Onze twee huis-techneuten Herman Jorens (Avalon) en Erwin Lokhorst (Speleo
NL) zijn reeds jaren met grotradio’s bezig en sleutelden een 4-tal “Heyphones”
ineen ); maar dan een uitvoering die niet alleen veel performanter was dan
het originele Engelse ontwerp (gaat door minimum -500 m rots), maar vooral
speciaal gericht was op een expeditie als deze.
Het
probleem met draadloze grotradio’s is immers dat
1) de radio aan de oppervlakte zich min of meer boven de ondergrondse
moet bevinden, kwestie van de afstand zo klein mogelijk te houden. Zeker
op grote diepte (bij ons zat er 400 m rots tussen!) is dit van belang. Echter,
in grote grotsystemen komt het er dan op neer dat de oppervlakteradio ver
van de ingang staat, midden in de “pampas". In ons geval 3 km van het oppervlaktekamp
en de ingang van de grot.
2) deze oppervlakteradio moet bediend worden door een operator.
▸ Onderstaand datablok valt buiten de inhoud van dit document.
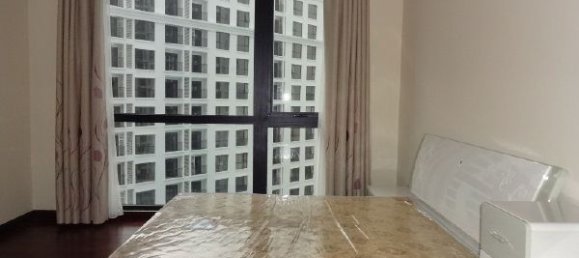 2 bedrooms Apartment in Thanh Xuan, Vietnam No. 5472 8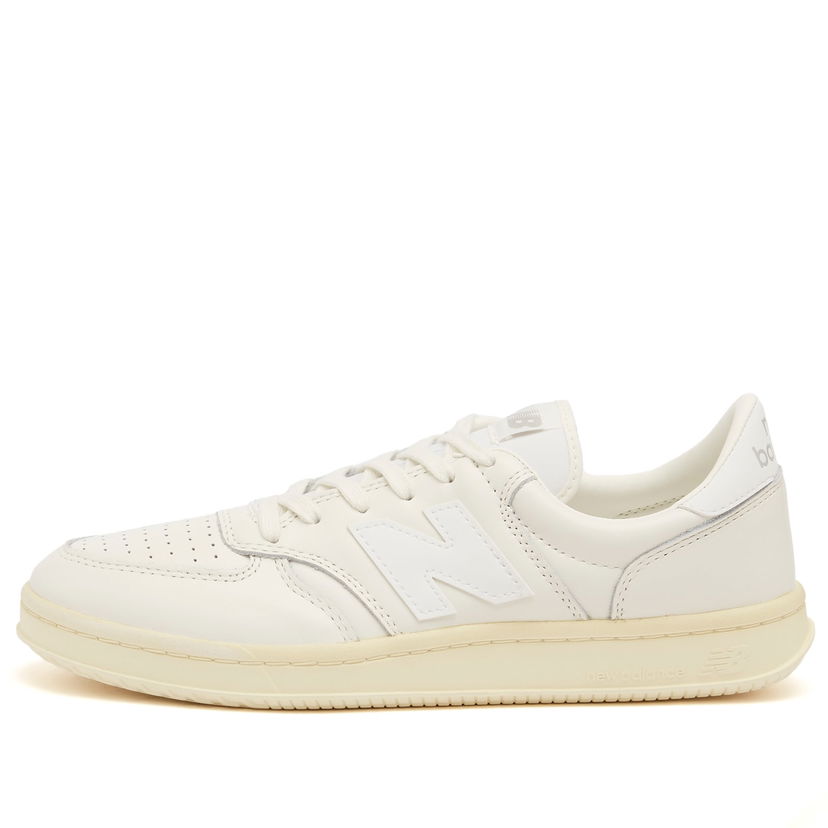 Sneakers och skor New Balance CT500WL Size UK 10 Vit | CT500WL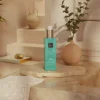 Best Rituals Kitchen Hand Balm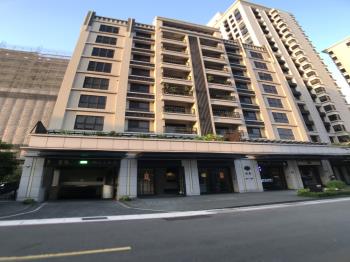 建義首璽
Aangezien
bij ons een stevige naderingsmars van 2 uur door chaotisch terrein nodig
was om aan de radio te geraken, was het onmogelijk om op een soepele manier
te communiceren.
Na menige nacht (week? maand?) zwoegen kwamen onze ontwerpers op de proppen
met een soort interface, een stuk elektronica dus dat de rol van operator
overnam en meer nog, de grotradio met een draagbare VHF-radio connecteerde.
Het indrukken en loslaten van de microfoons van beide toestellen was niet
meer nodig en werd door de interface gestuurd. Deze VHF radio straalde alles
door naar enerzijds het hoogtekamp, anderzijds de camping (18 km verder
en 1500 m lager gelegen!) en naar het skistation.
Concreet kwam het erop neer dat de hele zwik midden in de pampas werd
ge?stalleerd, voorzien van een accu, zonnepaneel en grote antenne, en vervolgens
twee weken werd achtergelaten om aldus volledig autonoom te functioneren.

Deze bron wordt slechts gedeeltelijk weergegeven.